Dependency injection and the machinery described here are only a tool to help us towards the real goal: a modular software architecture that can be easily understood, extended, repurposed, tested and refactored by a large group of developers with minimal overlap between modules. To achieve this we also need to have modularity in mind when designing the architecture and APIs.

Hive and Cells

Cilium applications are composed using runtime dependency injection from a set of modular components called cells that compose together to form a hive (as in bee hive). A hive can then be supplied with configuration and executed. To provide a feel for what this is about, here is how a simple modular HTTP server application would leverage hive:

package server

// The server cell implements a generic HTTP server. Provides the 'Server' API
// for registering request handlers.
//
// Module() creates a named collection of cells.
var Cell = cell.Module(
   "http-server", // Module identifier (for e.g. logging and tracing)
   "HTTP Server", // Module title (for documentation)

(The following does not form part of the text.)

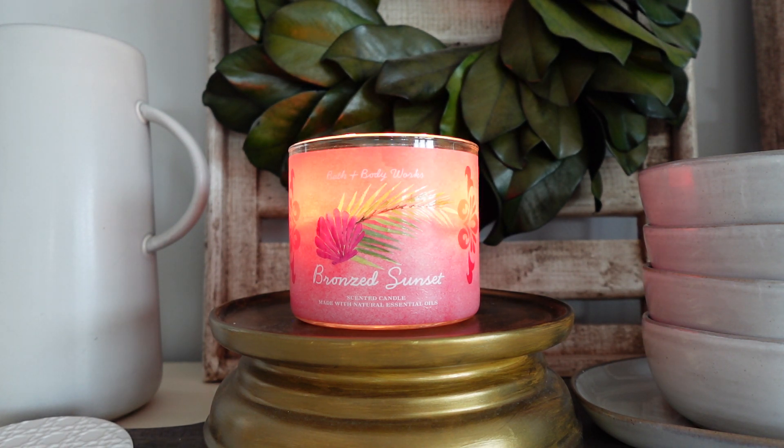Let me know in the comments if you've tried this one — what are your thoughts? Do you like it? If you're a fan of Coco Paradise, let me know if you feel like this one is quite similar. I definitely think they're like siblings or cousins at least. I will link the candle in the description if you're interested in purchasing. I do have one more review coming up a little bit later of Bath and Body Works Beach Weather, so stay tuned for that one. Thanks so much for watching — like if you enjoyed, subscribe if you're new, and I'll see you guys later today. Bye!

   // Provide the application the constructor for the server.
   cell.Provide(New),

   // Config registers a configuration when provided with the defaults
   // and an implementation of Flags() for registering the configuration flags.
   cell.Config(defaultServerConfig),
)

// Server allows registering request handlers with the HTTP server
type Server interface {
    ListenAddress() string
    RegisterHandler(path string, fn http.HandlerFunc)
}

func New(lc cell.Lifecycle, cfg ServerConfig) Server {
  // Initialize http.Server, register Start and Stop hooks to Lifecycle
  // for starting and stopping the server and return an implementation of
  // 'Server' for other cells for registering handlers.
  // ...
}

type ServerConfig struct {
    ServerPort uint16
}

var defaultServerConfig = ServerConfig{
    ServerPort: 8080,
}

func (def ServerConfig) Flags(flags *pflag.FlagSet) {
    // Register the "server-port" flag. Hive by convention maps the flag to the ServerPort
    // field.
    flags.Uint16("server-port",  def.ServerPort, "Sets the HTTP server listen port")
}

With the above generic HTTP server in the server package, we can now implement a simple handler for /hello in the hello package:

package hello

// The hello cell implements and registers a hello handler to the HTTP server.
//
// This cell isn't a Module, but rather just a plain Invoke. An Invoke
// is a cell that, unlike Provide, is always executed. Invoke functions
// can depend on values that constructors registered with Provide() can
// return. These constructors are then called and their results remembered.
var Cell = cell.Invoke(registerHelloHandler)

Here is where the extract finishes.